Susana Edjang examined the United Nations’ response to the Ebola virus. Edjang noted that the U.N. and World Health Organization (WHO) intervened in a virtually resourceless environment. Liberia had only 51 doctors before the epidemic for a population of four million. Furthermore, only five countries had contributed to the Africa Public Health Emergency Fund prior to the outbreak. With only two international public health emergencies ever declared before the Ebola virus – avian flu and polio – the U.N. Secretary-General convened a response with multiple agencies that focused not just on public health but also on the effects to food, education, and transportation. The U.N. Mission for Ebola Emergency Response, Edjang discussed, focuses on five strategic objectives: stopping the outbreak, treating the infected, ensuring essential services, preserving stability, and preventing outbreak in uninfected countries. Like Lockyear, Edjang noted that what is needed most at this time are 600 skilled clinicians willing to travel to West Africa.

The panelists also warned that a second-order crisis from the Ebola virus has been a collapse of the health system within Liberia and Sierra Leone. As a result, doctors have seen a spike in deaths from otherwise preventable diseases such as malaria with people afraid to go to hospitals, creating an emergency within an emergency.

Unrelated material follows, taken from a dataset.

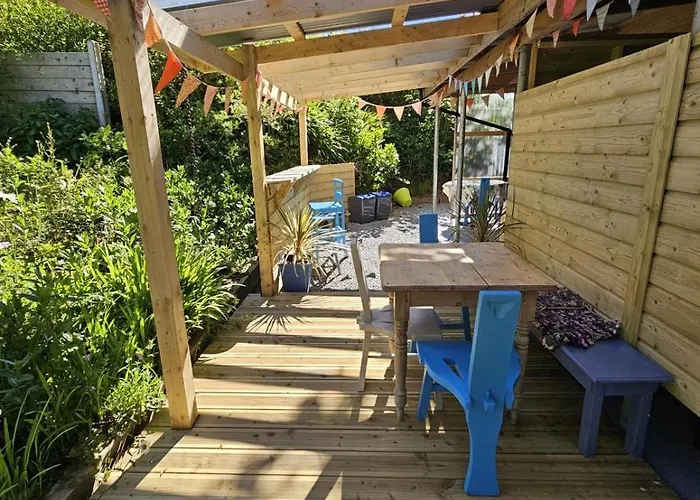 Granville House Glamping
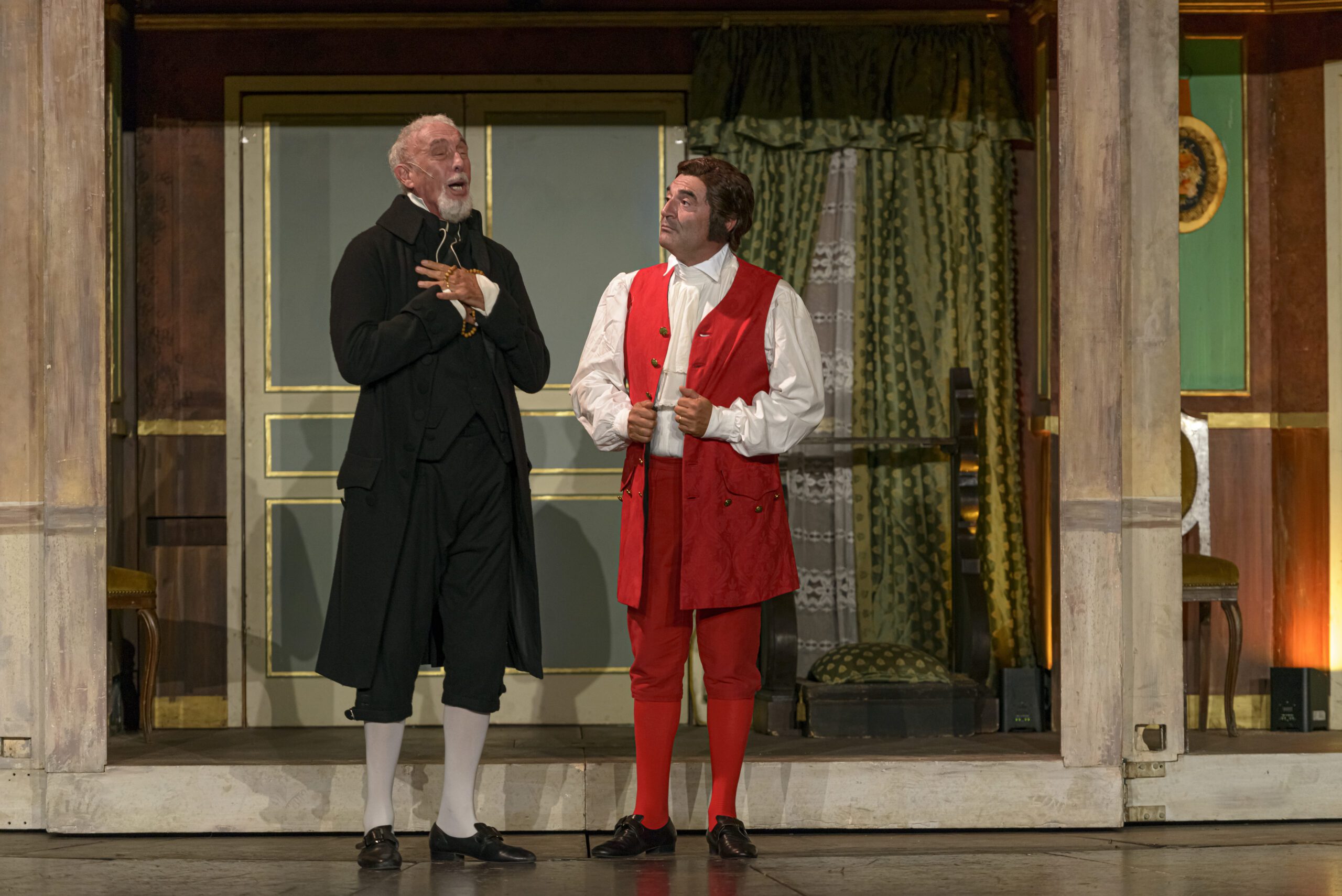 Sistina Chapiteau: Max Giusti in scena a Milano con Il Marchese del Grillo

Education has been key in combating the Ebola virus both in West Africa and around the world. “At the beginning of this outbreak,” Edjang noted, “communication with the community was very poor, as people were scared to go to Ebola treatment centers.”

For the Yale audience, the panelists united over three takeaway messages: solidarity is needed over fear; people are needed over money; and the real crisis is in West Africa, not the United States.

Both Lockyear and Edjang affirmed that this is not something that MSF or the U.N. is going to run away from. “We are looking forward to identifying the last patient plus 21 days symptom-free.”